Wednesday, April 9, 2014
A Steam-tastic Invention
While visiting Vancouver, one must stop into Gastown and take a look at the steam-powered clock that has become a major tourist attraction, and rightly so. While boasting a vintage appeal, the clock was actually constructed in 1977 as a means to cover a steam grate and also prevent the homeless from sleeping on it in cold weather. At first the clock was wrought with malfunctions and had to be powered electronically, but once the local businesses saw how much revenue it bought in because of the tourists it brought, they grouped together to have the steam mechanism completely rebuilt.
Once completed, the new steam mechanism worked by a miniature steam engine that drives a chain lift. The chain lift then moves steel balls upwards where they are then transferred to a descending chain. The weight of these steel balls on the chain controls a conventional pendulum clock escapement that is geared to the hands on the four separate faces of the clock. The steam also powers a whistle, instead of chimes, that have become known as the Westminster "chime" to denote the time.

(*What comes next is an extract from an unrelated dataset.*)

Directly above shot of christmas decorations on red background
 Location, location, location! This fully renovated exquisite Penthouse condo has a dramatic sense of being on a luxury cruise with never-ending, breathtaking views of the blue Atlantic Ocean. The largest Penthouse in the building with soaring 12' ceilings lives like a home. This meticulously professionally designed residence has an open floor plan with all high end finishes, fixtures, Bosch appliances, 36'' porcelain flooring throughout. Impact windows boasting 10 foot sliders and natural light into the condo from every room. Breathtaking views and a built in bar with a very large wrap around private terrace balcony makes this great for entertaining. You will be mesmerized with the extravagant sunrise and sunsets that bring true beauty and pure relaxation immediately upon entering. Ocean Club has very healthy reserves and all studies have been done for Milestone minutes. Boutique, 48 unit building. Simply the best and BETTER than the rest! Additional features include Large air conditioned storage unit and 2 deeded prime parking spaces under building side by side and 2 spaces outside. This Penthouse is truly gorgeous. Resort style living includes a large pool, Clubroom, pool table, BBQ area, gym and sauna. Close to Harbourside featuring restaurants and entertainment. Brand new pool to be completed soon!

The long exposure of this photo and the black and white aspect give it a very "Sherlock Holmes" feel while the lights on the trees add a fairy tale-esque dimension that draw you in and pull your attention to the clock itself. Think Scotland Yard meets Peter Pan.
This image was taken in March 2014 using a Hasselblad 500C with a Zeiss Planar 80mm/f 2.8. Exposure time was f/22 at 1 minute on Agfapan APX 25 Film.